The problem today with having digital electronics as a hobby is not hardware-related, it's simply thinking up useful things to do. How many times have you seen someone ask "I got this Arduino/Rasberry Pi (as a gift, in a contest, some other way), what can I do with it?"... If you can buy from China sources, the prices of most common components is very very inexpensive. Chinese Arduino clones cost $2-$3, and for just a few dollars more you can get boards with other processors that are much faster and have more memory--assuming you write a program that needs either of those things.
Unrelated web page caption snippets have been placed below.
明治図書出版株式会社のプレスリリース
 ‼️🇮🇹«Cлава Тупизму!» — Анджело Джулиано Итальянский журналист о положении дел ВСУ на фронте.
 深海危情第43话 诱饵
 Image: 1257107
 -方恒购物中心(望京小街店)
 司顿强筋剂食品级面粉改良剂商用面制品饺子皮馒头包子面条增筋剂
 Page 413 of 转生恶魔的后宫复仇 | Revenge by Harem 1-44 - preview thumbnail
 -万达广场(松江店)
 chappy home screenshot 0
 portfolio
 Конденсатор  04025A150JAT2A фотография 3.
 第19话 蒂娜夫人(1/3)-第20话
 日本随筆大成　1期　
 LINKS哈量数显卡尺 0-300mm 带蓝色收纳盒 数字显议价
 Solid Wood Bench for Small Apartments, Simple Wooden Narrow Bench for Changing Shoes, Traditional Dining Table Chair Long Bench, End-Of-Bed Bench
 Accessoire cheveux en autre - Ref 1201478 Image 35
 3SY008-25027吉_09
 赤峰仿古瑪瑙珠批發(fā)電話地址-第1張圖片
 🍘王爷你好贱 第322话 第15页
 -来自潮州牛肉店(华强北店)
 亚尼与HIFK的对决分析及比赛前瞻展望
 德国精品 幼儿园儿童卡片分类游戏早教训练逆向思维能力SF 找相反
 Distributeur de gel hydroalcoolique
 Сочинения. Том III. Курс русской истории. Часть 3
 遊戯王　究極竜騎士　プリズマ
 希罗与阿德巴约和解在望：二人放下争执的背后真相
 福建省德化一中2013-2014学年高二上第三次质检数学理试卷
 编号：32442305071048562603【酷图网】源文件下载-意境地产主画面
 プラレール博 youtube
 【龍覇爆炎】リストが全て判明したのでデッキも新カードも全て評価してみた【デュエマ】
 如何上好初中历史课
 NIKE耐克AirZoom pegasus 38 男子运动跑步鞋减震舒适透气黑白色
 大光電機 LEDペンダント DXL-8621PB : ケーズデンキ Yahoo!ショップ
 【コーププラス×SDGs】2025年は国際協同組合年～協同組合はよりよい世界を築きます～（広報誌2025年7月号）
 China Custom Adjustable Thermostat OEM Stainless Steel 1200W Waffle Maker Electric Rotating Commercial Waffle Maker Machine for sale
Display screens cost $3, basic GPS chips cost $1, various wifi/wireless chips cost $3, CCD cameras cost $3, laser rangefinders cost $8, a cell phone radio (requires a SIM) costs $8.
I do think that the main reason for the popularity of Arduino is that both the hardware and the software were made specifically to be easy to use.
Interest/sales of a given processor or IC tend to pick up a lot after there is an Arduino IDE board definition or library for it.
I suspect that people assume that if they cannot get the "professional" dev environment to work, they assume they can still get it to work in the Arduino IDE.
I deal with non-consumer stuff. Contract manufacturers are still used much of the time for convenience and cost. They can be set up to have orders shipped directly from factory to the customer. Onshore manufacturing is good for prototypes, test runs, getting the kinks worked out, or final assemblies (for more complicated stuff). Much of the cost comes from testing the products during manufacture since they're being sold to more discerning customers and failures means more cost to us in the long run.
Salaries is mostly about personnel to set up and monitor the production lines, once it's ready to go most manufacturing is not labor intensive. Almost none of this is like the old assembly lines from the past. Some bits may need humans (attaching antennas, plugging in cables, etc) but that's for final product and not the bare boards.
Don't forget the Lectron blocks.
Bruce Perens.
They've always been like Legos! Even back in the late 70's / early 80's... Yeah, you may have had some pull up resistors, or other crappy discrete glue, analog/linear bullshit in between something, but...
Now get off my lawn!
I have none that I know of--yet, but when I do I hope I don't find them by stepping on them like Lego.
So how do they handle address conflicts? I've been a dev on a highly I2C'ed system, and while there are also electrical issues to having lots of devices, the big one is how you set an address. Most chips only have two or three address select pins, if that many. Even if you use a microprocessor as the slave device, there still needs to be a way to configure it. About the only truly reliable way for a hobby-brick system is gating SCL for each device.